As this output explains, the reason for the compiler error is that we need the right trait in scope to be able to use the next method. Given our discussion so far, you might reasonably expect that trait to be Stream, but it’s actually StreamExt. Short for extension, Ext is a common pattern in the Rust community for extending one trait with another.

The Stream trait defines a low-level interface that effectively combines the Iterator and Future traits. StreamExt supplies a higher-level set of APIs on top of Stream, including the next method as well as other utility methods similar to those provided by the Iterator trait. Stream and StreamExt are not yet part of Rust’s standard library, but most ecosystem crates use similar definitions.

The fix to the compiler error is to add a use statement for trpl::StreamExt, as in Listing 17-22.

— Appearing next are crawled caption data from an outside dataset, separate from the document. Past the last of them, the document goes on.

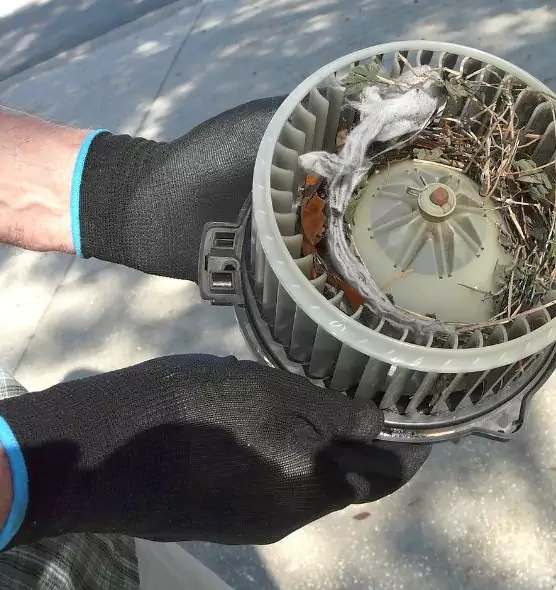 About Air Duct Rat Removal in Holbrook, NY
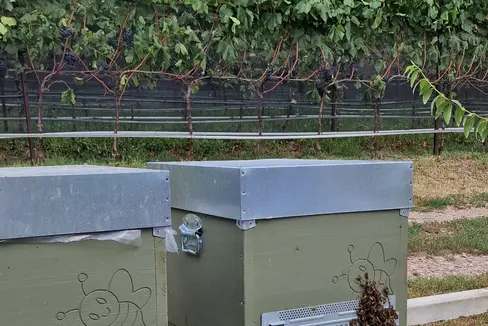 Die Bienenstöcke am Carpi-Hof in Branzoll waren schon vor dem Bau der Umfahrung in Branzoll da. Diesen Sommer haben die Bienen beim Nektarsammeln quasi einen Spezialauftrag: Sie erfassen wichtige Daten zur Luftqualität. (Foto: LPA/Angelika Schrott)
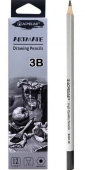 Карандаш чернографитный 3B ACMELIAE шестигранный, корпус серебряный Карандаш чернографитный 3B ACMELIAE шестигранный, корпус серебряный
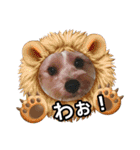 ヨークシャーテリアのガブリエル4（個別スタンプ：11）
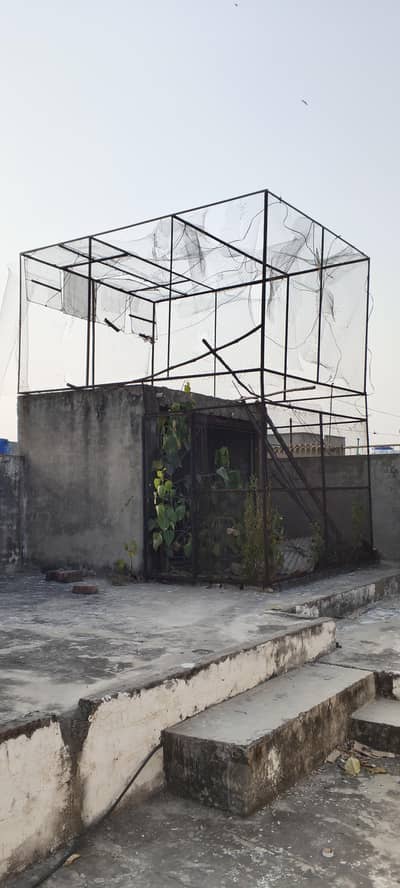 pigeon cage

extern crate trpl; // required for mdbook test

use trpl::StreamExt;

fn main() {
    trpl::block_on(async {
        let values = [1, 2, 3, 4, 5, 6, 7, 8, 9, 10];
        // --snip--
        let iter = values.iter().map(|n| n * 2);
        let mut stream = trpl::stream_from_iter(iter);

        while let Some(value) = stream.next().await {
            println!("The value was: {value}");
        }
    });
}

With all those pieces put together, this code works the way we want! What’s more, now that we have StreamExt in scope, we can use all of its utility methods, just as with iterators.